Lines before the one holding "UiPathサービスパートナー契約を締結 ～" are not wanted. Please copy that line and everything after it to the end of the records, exactly, skipping pictures.

» **Supplied data**
◆ ◆ ◆ ◆ ◆ ◆ ◆

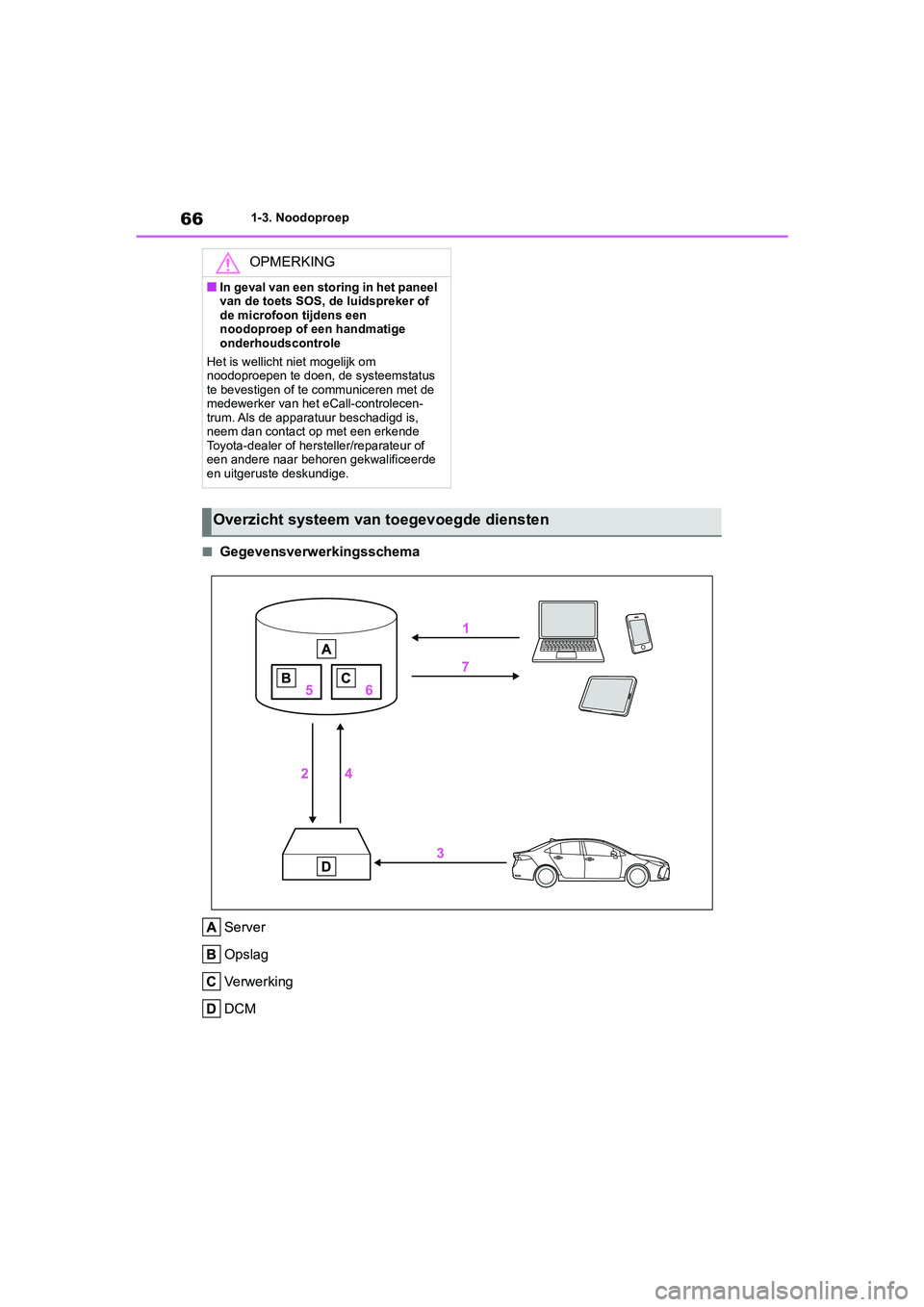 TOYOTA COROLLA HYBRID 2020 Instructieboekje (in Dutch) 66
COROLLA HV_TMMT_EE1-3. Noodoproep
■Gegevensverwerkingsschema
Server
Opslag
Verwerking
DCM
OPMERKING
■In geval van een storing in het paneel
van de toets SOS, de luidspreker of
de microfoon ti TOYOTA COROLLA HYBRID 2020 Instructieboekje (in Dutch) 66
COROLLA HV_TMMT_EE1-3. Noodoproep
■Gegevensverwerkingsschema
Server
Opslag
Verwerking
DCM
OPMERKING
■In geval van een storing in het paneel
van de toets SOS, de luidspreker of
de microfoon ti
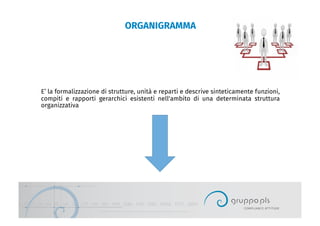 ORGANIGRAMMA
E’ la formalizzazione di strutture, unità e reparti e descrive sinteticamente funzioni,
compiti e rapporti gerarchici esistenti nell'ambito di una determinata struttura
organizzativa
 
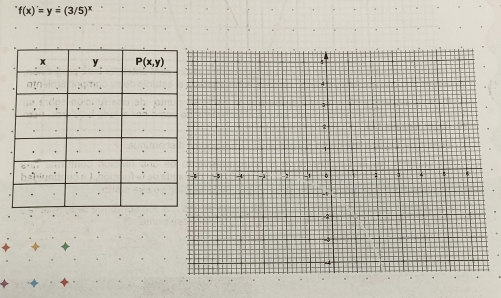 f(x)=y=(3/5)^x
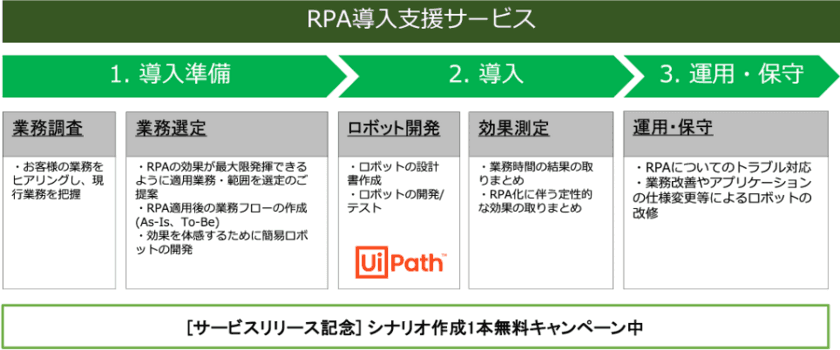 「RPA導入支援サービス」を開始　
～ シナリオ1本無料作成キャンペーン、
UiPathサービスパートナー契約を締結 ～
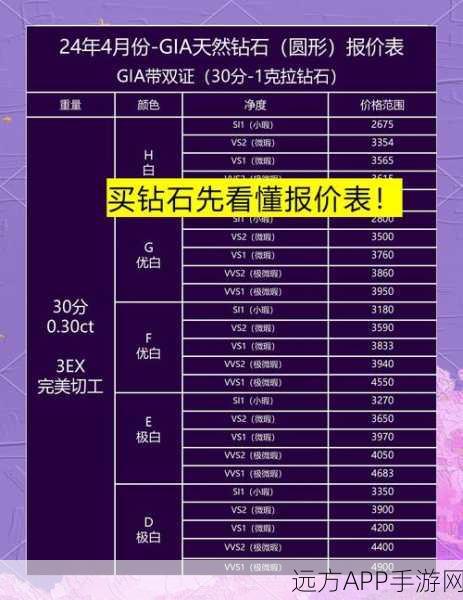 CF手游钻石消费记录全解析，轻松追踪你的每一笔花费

◆ ◆ ◆ ◆ ◆ ◆ ◆

» **Solution below**
UiPathサービスパートナー契約を締結 ～
 CF手游钻石消费记录全解析，轻松追踪你的每一笔花费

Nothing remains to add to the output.